Beirut: The commander of the Minnigh military airport in northern Syria, the scene of fierce fighting between government troops and rebel forces, has been killed, the Syrian Observatory for Human Rights said on Sunday.

“General Ali Mahmoud was killed on Saturday with two of his bodyguards inside the airport, where fighting is ongoing,” Observatory director Rami Abdul Rahman told AFP.

“The rebels have advanced, but they have not yet taken control” of the facility, he added.

Since the beginning of this year, rebel fighters have been trying to seize a string of northern airports, including Aleppo international airport, and the Jarrah, Kwiyres, Minnigh and Nayrab military fields.

They took Jarrah military airport on February 12.

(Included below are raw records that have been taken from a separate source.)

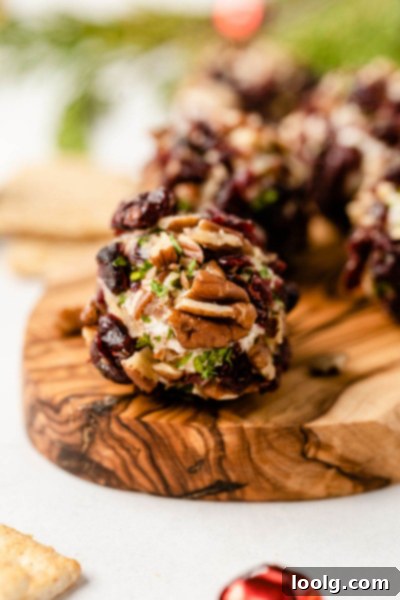 Tangy Goat Cheese Truffles 6 A single Goat Cheese Ball, perfectly coated, ready to be served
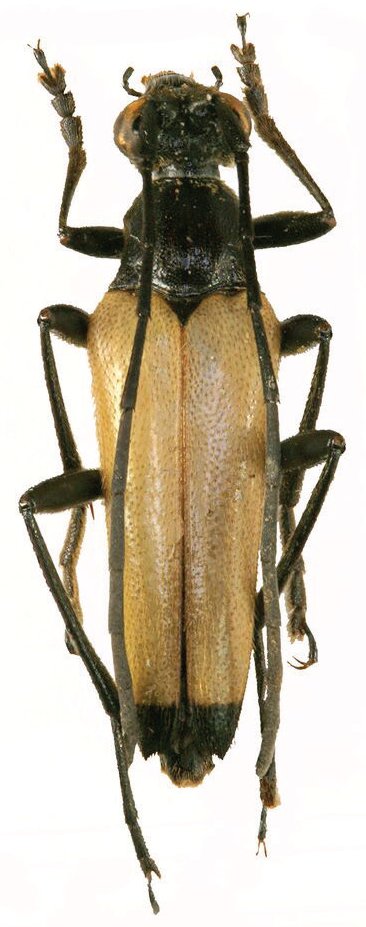 Cerambycidae Genus Thumbnails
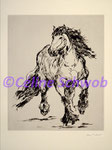 Cheval, gravure, 30cm x 36cm sur papier 45cm x 57cm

Elsewhere, the Observatory reported regime air raids on the Jobar neighbourhood of Damascus and against the rebel-held town of Raqa.

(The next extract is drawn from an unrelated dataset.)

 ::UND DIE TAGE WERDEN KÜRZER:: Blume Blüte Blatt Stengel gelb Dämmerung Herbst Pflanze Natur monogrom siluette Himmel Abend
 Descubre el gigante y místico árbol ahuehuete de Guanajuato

There were also sporadic air raids against the orchards south of Banias, where the bodies of 62 people were found on Saturday after an assault by government forces.

The opposition has said a growing number of reported killings raises the spectre of a campaign of “ethnic cleansing” in Syria.

Violence throughout the country on Saturday left at least 148 people dead, including 40 civilians, 74 rebels and 34 soldiers, the Observatory said.